Tratti a mezza costa si alternano ad altri in cui si procede seguendo la cresta panoramica, ma l’antica via della devozione rimane costantemente ben visibile, e una staccionata di legno la protegge quasi sempre sul lato esposto verso valle. Le pendici di queste alture sono segnate da una ragnatela impressionante di muretti a secco e piccoli terrazzamenti che ricordano il lavoro secolare impiegato per strappare alle rocce del Gargano una miriade di piccoli appezzamenti coltivabili, dove crescono olivi contorti e alberi da frutto. Camminando lungo un tratto sul versante destro della cresta, s’incontra un bivio segnalato che scende verso il fondo della valle. Anche questo percorso alternativo conduce al piano, ma conviene camminare lungo la via più antica e panoramica, che prosegue diritto davanti a noi. 


Il tracciato della Scala Santa, anche se attrezzato e segnalato con cura in questi ultimi anni, in questo punto pianeggiante, diventa un terreno d’allevamento per mucche podoliche, pecore e capre che brucano l’erba rada che cresce tra le pietre. 




Lasciato questo tratto più aperto e quasi pianaggiante, una secca curva verso destra della mulattiera scolpita su uno strato roccioso porta a una sorpresa: per superare un impervio gradino, nella pietra calcarea è stato scavato a mano un piccolo e ripido canyon a forma di “S”. A questo punto, siamo arrivati alla località nota come Iazzo Ognisanti (a circa 410 m di quota), che deve il suo nome a una chiesa rupestre con due ingressi, ornata da una serie di affreschi che è difficile visitare, già che il luogo sacro è divenuto un fienile e una stalla (davvero un peccato…).
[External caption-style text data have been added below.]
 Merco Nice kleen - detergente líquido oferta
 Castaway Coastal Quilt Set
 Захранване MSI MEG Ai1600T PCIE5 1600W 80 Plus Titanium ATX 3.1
Ci si può consolare osservando le immagini degli affreschi riprodotte su un cartello informativo che si trova nel punto più alto del piccolo canyon artificiale, scoprendo così le tante, piccole figure di beati che hanno dato il nome alla chiesa rupestre e alla località. 



Lasciata alla spalle la chiesa ipogea, il tracciato della Scala Santa continua a scendere a mezza costa, in un paesaggio arido in cui il panorama poco alla volta si restringe con l’abbissarsi della quota, fino a raggiungere una strada sterrata. Seguendone le curve ci si inoltra nella valle alla nostra destra con un tornante, per poi scendere ancora e toccare, dopo un tratto sul versante sinistro della vallata, la strada (via Scannamogliera) che in breve conduce alle case della frazione Macchia (circa 160 m), ai margini della piana costellata di olivi secolari, allungata in direzione del mare. Sulla provinciale, proprio davanti all’incrocio dal quale siamo arrivati, ferma la corriera che ci permetterà di risalire a Monte Sant’Angelo – oppure, nella direzione opposta, di raggiungere Manfredonia – mentre sulla sinistra, a poca distanza, un bar offre la possibilità di una sosta e di uno spuntino.